- _Raw data_
--- START ---
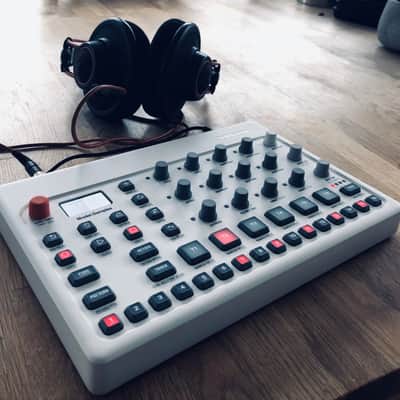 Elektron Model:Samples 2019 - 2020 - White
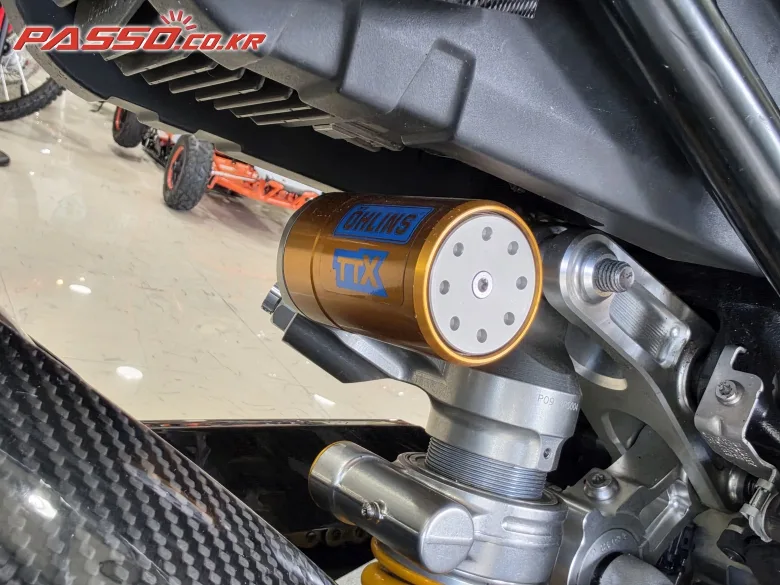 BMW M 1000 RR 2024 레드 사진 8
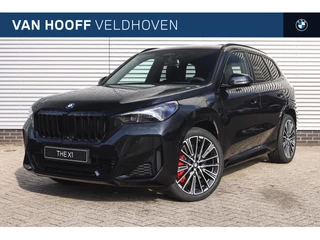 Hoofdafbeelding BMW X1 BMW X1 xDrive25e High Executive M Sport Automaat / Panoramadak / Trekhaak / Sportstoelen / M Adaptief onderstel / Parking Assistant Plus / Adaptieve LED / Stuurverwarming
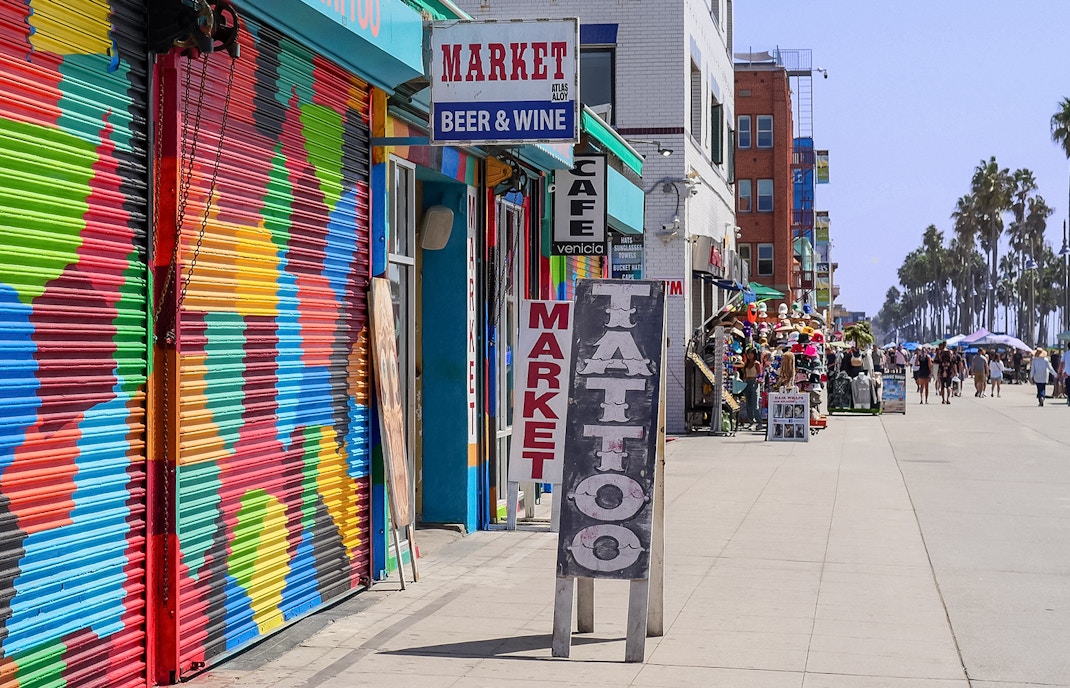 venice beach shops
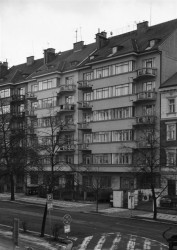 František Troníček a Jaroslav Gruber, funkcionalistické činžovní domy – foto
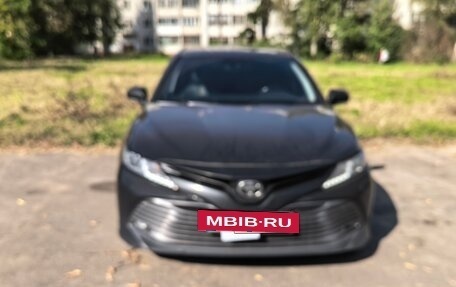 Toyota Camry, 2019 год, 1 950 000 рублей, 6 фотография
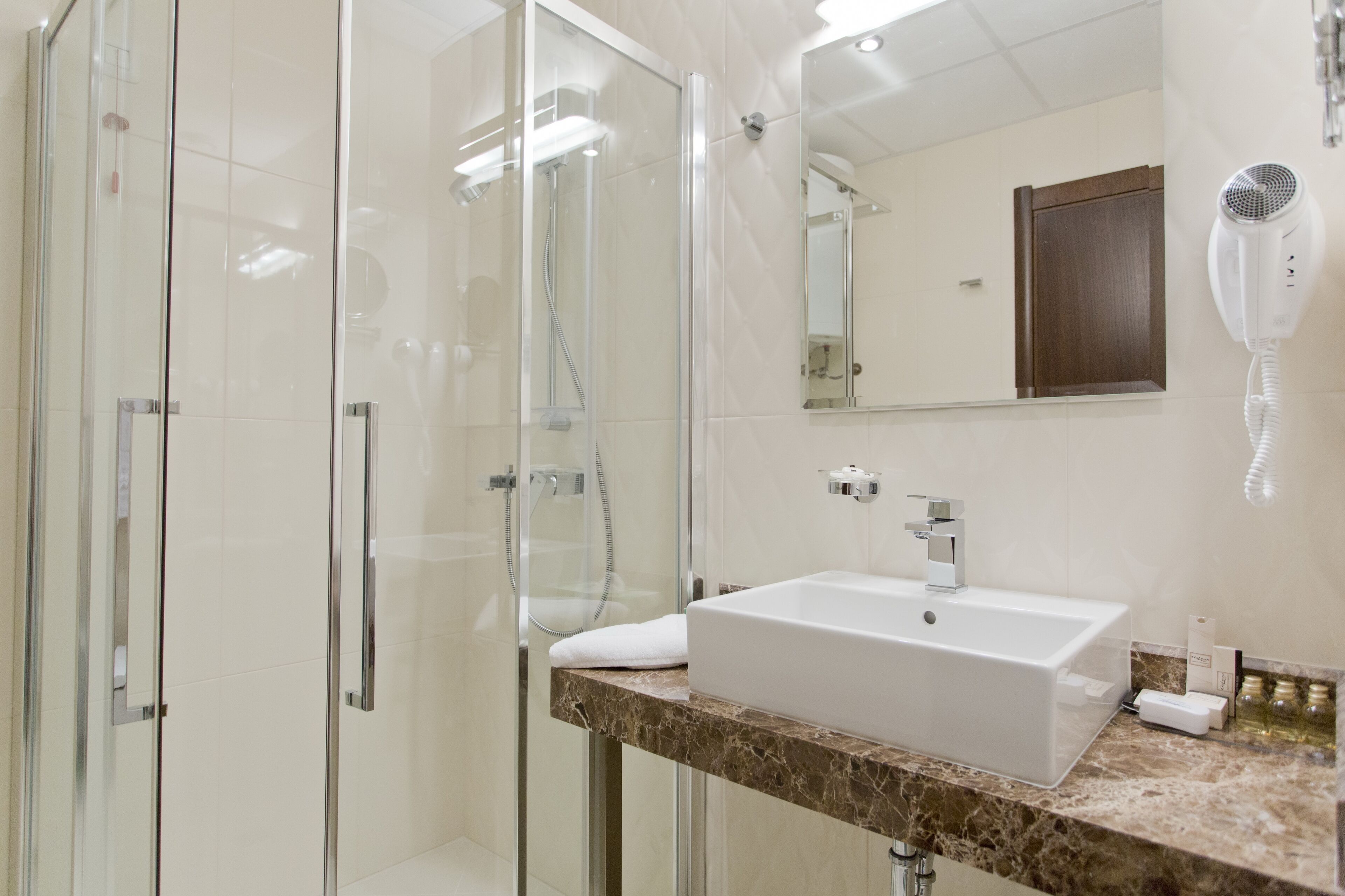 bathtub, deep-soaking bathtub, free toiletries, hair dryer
--- END ---
- _Required work_
Print the data above from its first line through the line that has "venice beach shops", exactly and with nothing else, omitting pictures.

- _Answer to this problem_
 Elektron Model:Samples 2019 - 2020 - White
 BMW M 1000 RR 2024 레드 사진 8
 Hoofdafbeelding BMW X1 BMW X1 xDrive25e High Executive M Sport Automaat / Panoramadak / Trekhaak / Sportstoelen / M Adaptief onderstel / Parking Assistant Plus / Adaptieve LED / Stuurverwarming
 venice beach shops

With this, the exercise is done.